Aww she is beautiful !

I am glad that Oscar got a loving home also.

I would deduct any costs from the amount you got for him and give that back.

It is not your fault he was returned and maybe they will think twice about making rash decisisons next time.


----------



## Guest (Aug 15, 2009)

Beautiful cat


----------



## tylow (Feb 11, 2009)

She's gorgeous


----------



## JoWDC (Jan 11, 2009)

Ooo i think i'm in love with Poppy :001_wub::001_wub::001_wub:


----------



## munchbunch (Dec 13, 2008)

Lovely pics - what a cutie!


----------



## Milly22 (Sep 15, 2008)

Thank you for kind words.
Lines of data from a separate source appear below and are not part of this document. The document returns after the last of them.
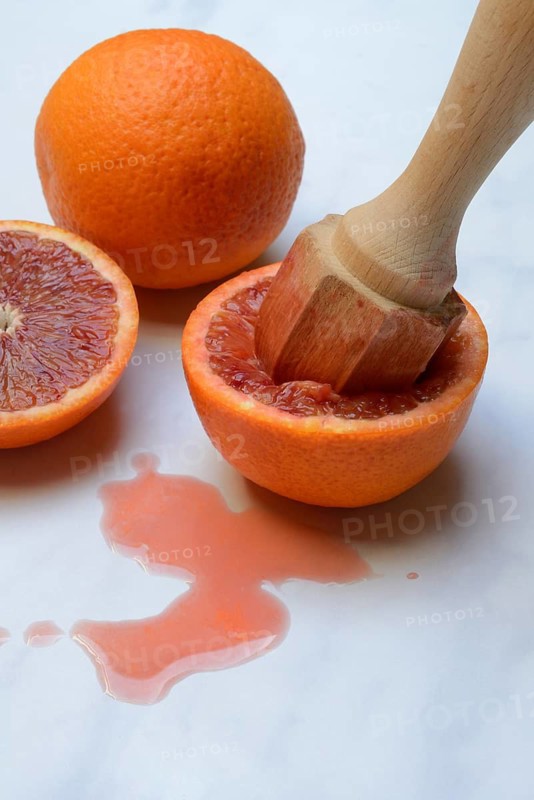 Halved blood orange with citrus squeezer, orange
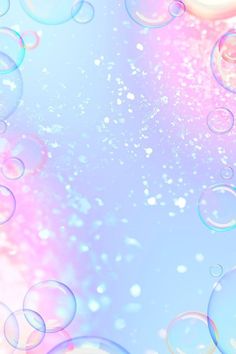 soap bubbles floating in the air on a blue and pink background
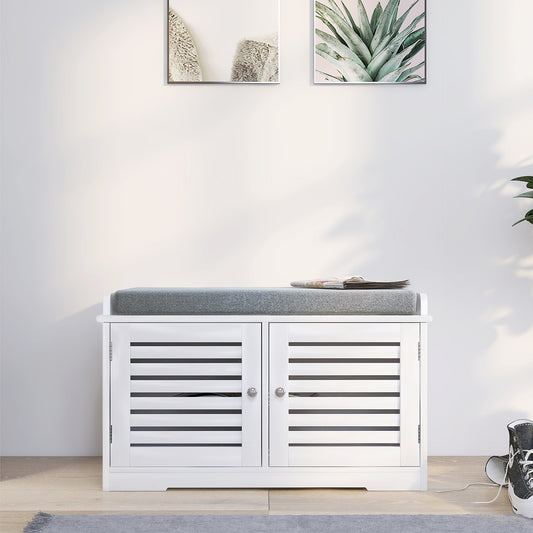 White slatted entryway bench with grey cushioned seat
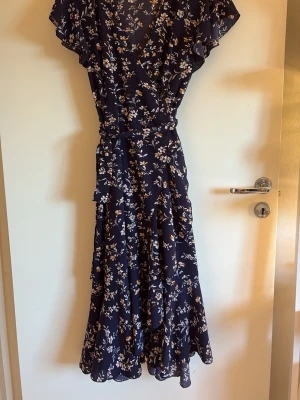 Marinblå blommig långklänning - Snygg marinblå långklänning med vitt och beige blommönster. Klänningen har v-ringning, volangdetaljer och ett knytband i midjan. Tillverkad i ett lätt och luftigt material, perfekt för varma dagar. Ärmarna är korta och fladdriga för en avslappnad look.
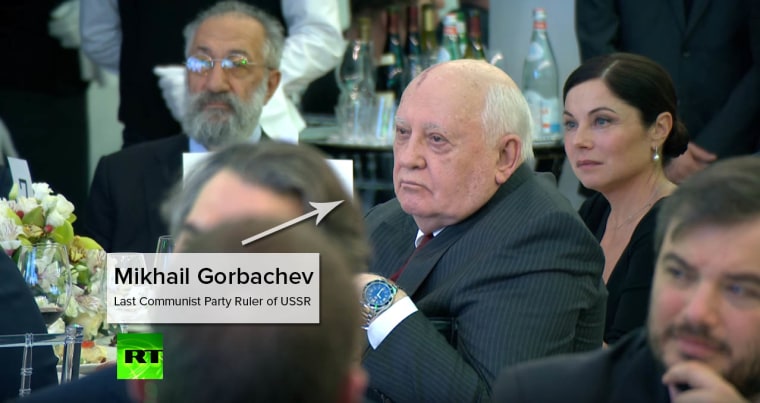 Mikhail Gorbachev sat a table behind Putin's.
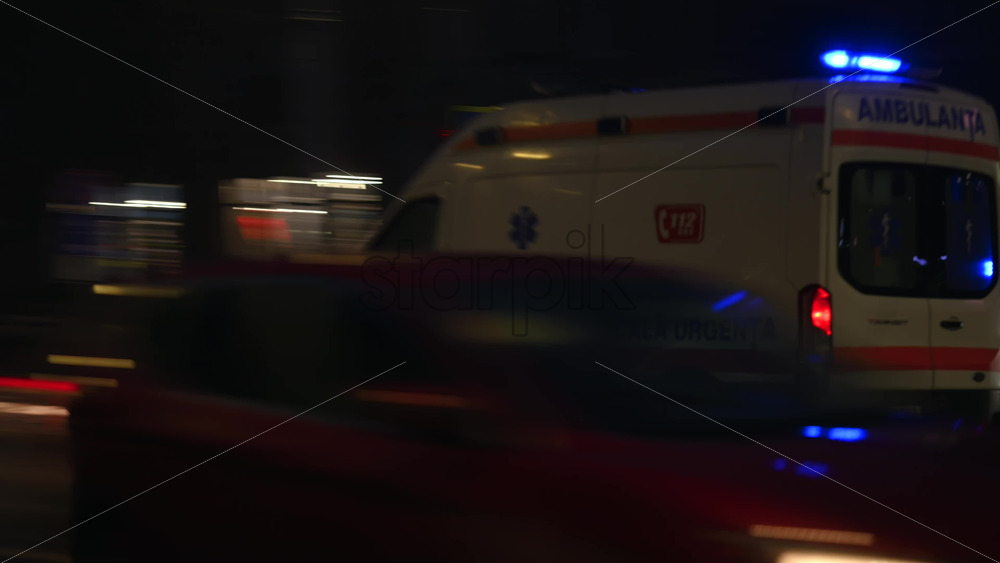 Chisinau, Moldova - January 28, 2026: Urban street at night with moving cars and an ambulance driving through traffic, blue emergency lights flashing
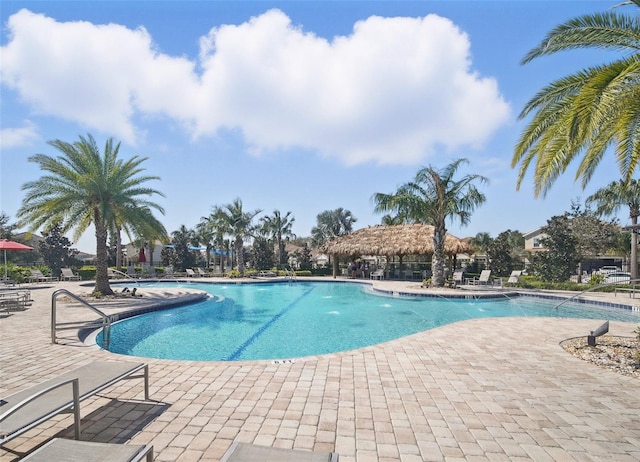 community pool with a patio area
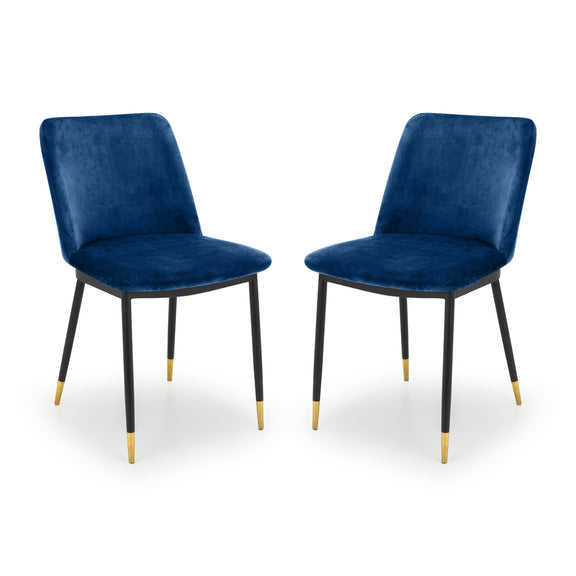 Two blue velvet chairs with black legs on a white background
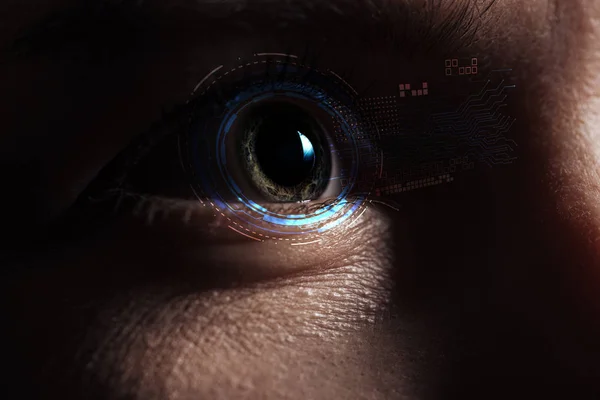 Close up view of human eye with data illustration in darkness, robotic concept — Stock Photo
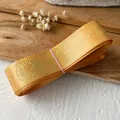 Orange gold ribbon with metallic gold magic star patterns for DIY bow making - Orange-colored Gold-plated "magic Bottle" 4.5 Meters Long And Approximately 2.5 Cm Wide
I will deduct what lost for Oscar, I just have to *tell *"the man" .

Poppy is a sweetie, she is very difficult not be all :001_wub::001_wub: over, she loves to sit on my knee purring and kissing my hands. She is a little treasure. She costs me a fortune with her fussy food ways but she is worth every penny.


----------



## kitties (Aug 1, 2009)

oh Poppy is absolutely stunning, i wasnt familar with this breed till i joined this forum, but will definately be interested in one like this in years to come.

So glad Oscar got a new home, not sure what you should do about paying them back, was there much difference?


----------



## sarahberra (Jun 26, 2009)

How sweet! What a beautiful blue seal point kitty! She looks so soft. I wish I could have a cat but my husband says no way. He has allergies. I will settle with a dog.


----------



## MADCAT (Nov 21, 2008)

She is stunning, thanks for sharing xxx


----------



## spid (Nov 4, 2008)

sarahberra said:


> What a beautiful *blue seal *point kitty! She looks so soft.


lol - no such thing! Either blue* OR *seal - can't be both! This kit is a blue mitted. Sorry, don't mean to laugh - but the image made me giggle!


----------



## BethanMay (Aug 17, 2009)

what adorable pointing!! absolutely gorgeous colouring!! x


----------



## sootisox (Apr 23, 2009)

She is a little stunner!


----------